Yes, this is almost true! It assumes that the impedances in the earth & Vcc distribution are the same at all frequencies, which in practice will never be the case and as Vcc side will have a greater impedance there will be more noise on the Vcc supply than the Ground supply.
Connecting both oscillator caps to Vcc will increase the noise on the clock signal. Connecting only one will most likely make it worse. Every time an output pin goes through a transition and switches considerable current considerable oscillator noise is generated.

Taking the david.prentices's car analogy a little further, doing this would be like attempting to deriving an engines crank angle from one of the tyres of the automobile rather than from the crankshaft direct.
Yes, I could compute a crank angle from the a tyre position, but it will have lot's of noise on it!

You won't be violate Atmel's rules. You will be violating good oscillator design practices which Atmel endorses for use in their products.
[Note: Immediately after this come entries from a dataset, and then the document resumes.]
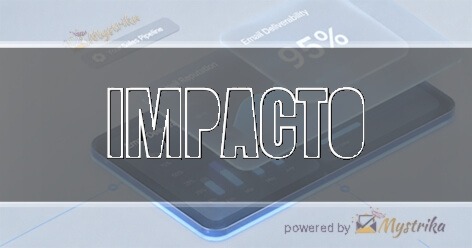 Impacto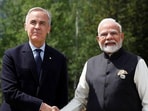 The two sides have fast-tracked talks for a trade deal ahead of Prime Minister Narendra Modi’s visit to Canada. (File Photo)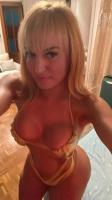634249032: Transexual en Guipúzcoa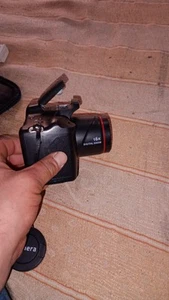 fotocamera digitale kodak - Foto 1 di 10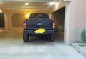 Ford Ranger 2014 for sale -2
Every other manufacturer of products that utilize crystals would use the same method!

Not following these recommendations, means that they you are on your own and if they product you design ever cause death or injury due to some internal latch-up, they cant be sued but you certainly will!

I cannot imagine a PCB design, where you cant get the caps to ground!

Charles Darwin, Lord Kelvin & Murphy are always lurking about!
Lee -.-
Riddle me this...How did the serpent move around before the fall?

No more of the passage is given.